There is an even bigger problem with our pitching statistics. The fact that we don’t know where a pitcher/catcher battery intend the ball to go means that we can’t separate the pitcher’s approach from his command. It’s impossible to say whether a changeup inside was what the catcher wanted or whether it was meant to be down and away. Because many times the best pitch is the one that is unexpected (even if it might be very hittable if the hitter were looking for it), we can’t even necessarily assume that a pitcher missed simply because he threw a pitch out over the plate. Perhaps we can figure this out for individual pitches based on video data, but aggregating this data over a whole season is downright impossible without standardized camera locations.
The Pure Gardens of Outcomes
The two areas in which we judge based on outcomes the most are the two areas that are the trendiest in the performance analysis world: baserunning and defense. These are two areas in which we simply don’t have the data to make inferences about processes.

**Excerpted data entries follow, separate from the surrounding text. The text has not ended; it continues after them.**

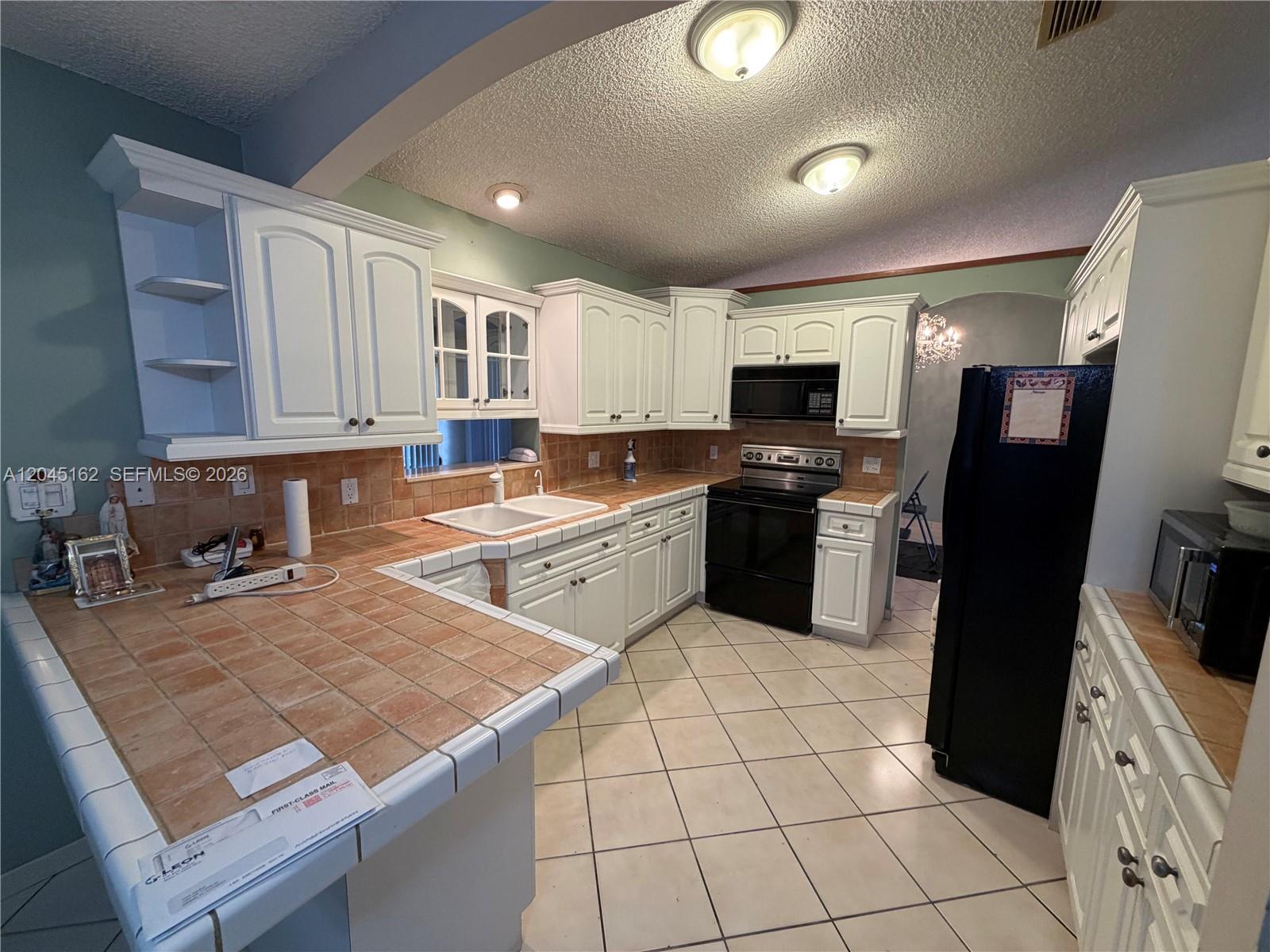3262 Southwest 139th Place Miami, FL 33175 - Photo 8 of 36 a kitchen with a sink a counter top space appliances and cabinets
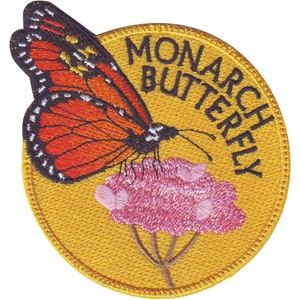 Peut inclure: Un écusson brodé jaune avec un papillon monarque sur une fleur rose. Le texte "MONARCH BUTTERFLY" est écrit autour du bord de l'écusson.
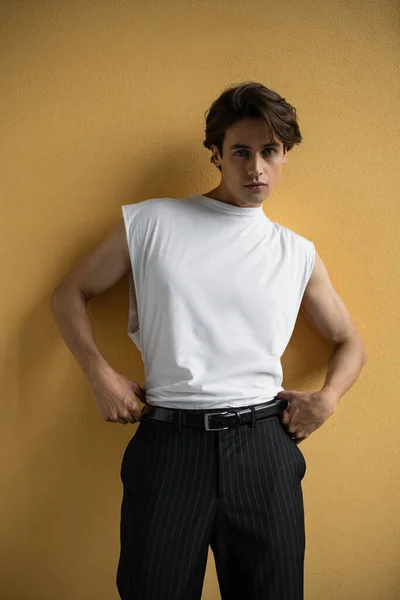 Stylish man in white t-shirt and striped pants standing near yellow wall — Stock Photo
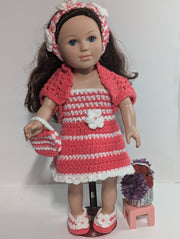 The FashionableCrochet Handmade Crochet Doll Clothes set features a doll adorned with long brown hair, dressed in a delightful pink and white striped dress, cardigan, hairband, and shoes. The ensemble is completed with a coordinating handbag. Accompanying the doll is a small stool that supports a basket brimming with purple and red flowers.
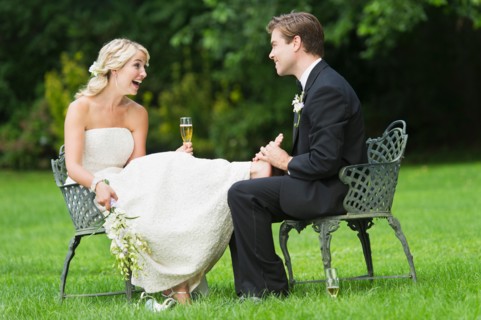 Newly wed couple sitting, groom massaging bride's feet.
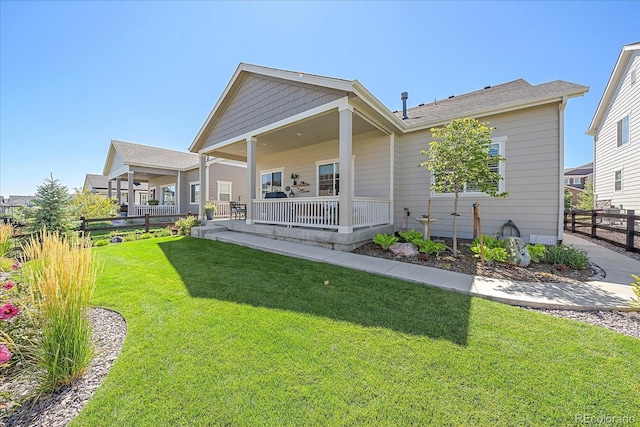 rear view of property with covered porch and a lawn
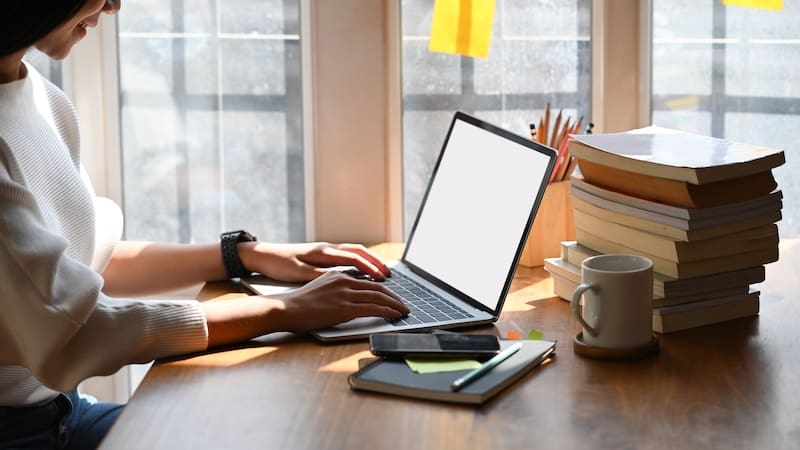 A person types on a laptop, perhaps planning to start a blog, at a wooden desk. Nearby are stacked books, a smartphone, a notebook, a cup of coffee, and pencils in a holder. Sunlight streams through large windows, casting a warm glow on the workspace.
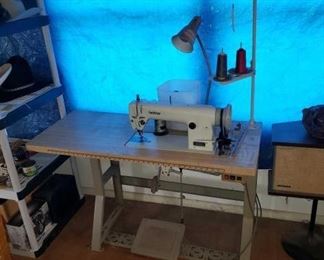 1018
Brother Sewing Machine And Sewing Table
Table Measures Approx: 48" x 20" x 30"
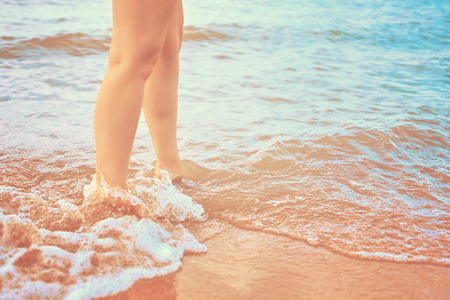 In the frame of a woman feet walking on the beach by the sea on a Sunny day in a tropical hotel on vacation. Waves of ocean wash her feetの写真素材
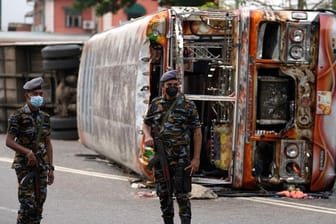 Soldaten stehen in Colombo vor einem ausgebrannten verbranntem Bus Wache, nachdem es zu Zusammenstößen zwischen Regierungsanhängern und -gegnern kam.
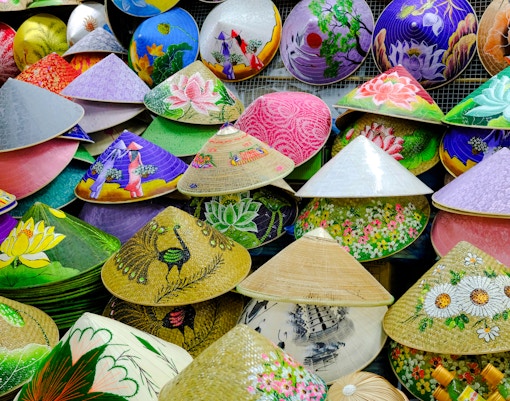 Colorful conical hats with floral and scenic designs at Dong Ba Market, Hue, Vietnam.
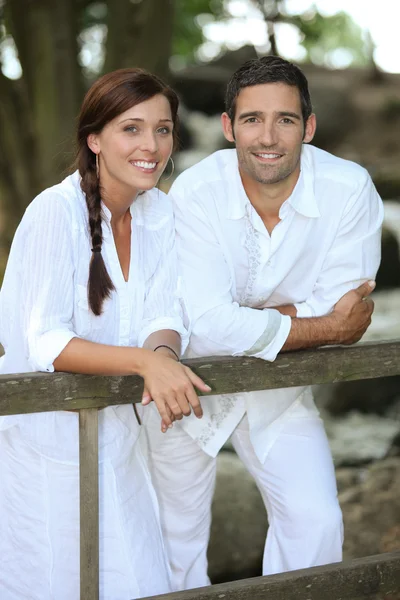 Par i vitt lutande på en land-staket — Stockfoto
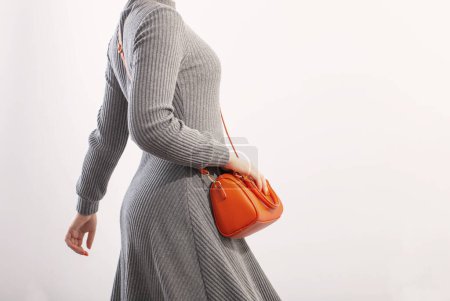 Téléchargez les photos : Femme en robe de jersey gris avec sac à main orange sur fond blanc - en image libre de droit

In the case of baserunning, it is impossible to separate not only the process from the outcome (as in the unlucky cases where the wind carried the throw unexpectedly, or the dirt had a soft spot), but also the decisions of the players from the decision of the coaches, as well as the decision-making of the player from the in-game quickness of the player. All of these factors may conspire to make a baserunner seem better or worse than he truly is based on his processes.
Similarly in the case of defense, it is very hard to say even what outcomes resulted, at least at the individual level. It’s harder still to say when good outcomes were the result of good or bad processes, at least in a way that is aggregated over the course of a whole season. Invariably the raw data itself relies on human stringers who vary in their interpretations of the location and type of the batted balls. Even team-level data, like defensive efficiency, suffers from this problem because it only takes into account those balls that were in fact caught, not those balls the team deserved to have caught.
Question of the Day
I’m not suggesting that moving toward processes and away from outcomes isn’t a good thing. But I am suggesting that we ought to apply a similar level to skepticism to those halfway solutions we have at the moment. Perhaps the worst thing a data-loving fan could do is wait for perfect information (say in the form of Hit-f/x), because it not only isn’t coming, it isn’t possible. Am I wrong? Is knowledge of pure processes and skills possible to separate from knowledge of outcomes? Is the separation between truths that are analytic and those that are synthetic workable?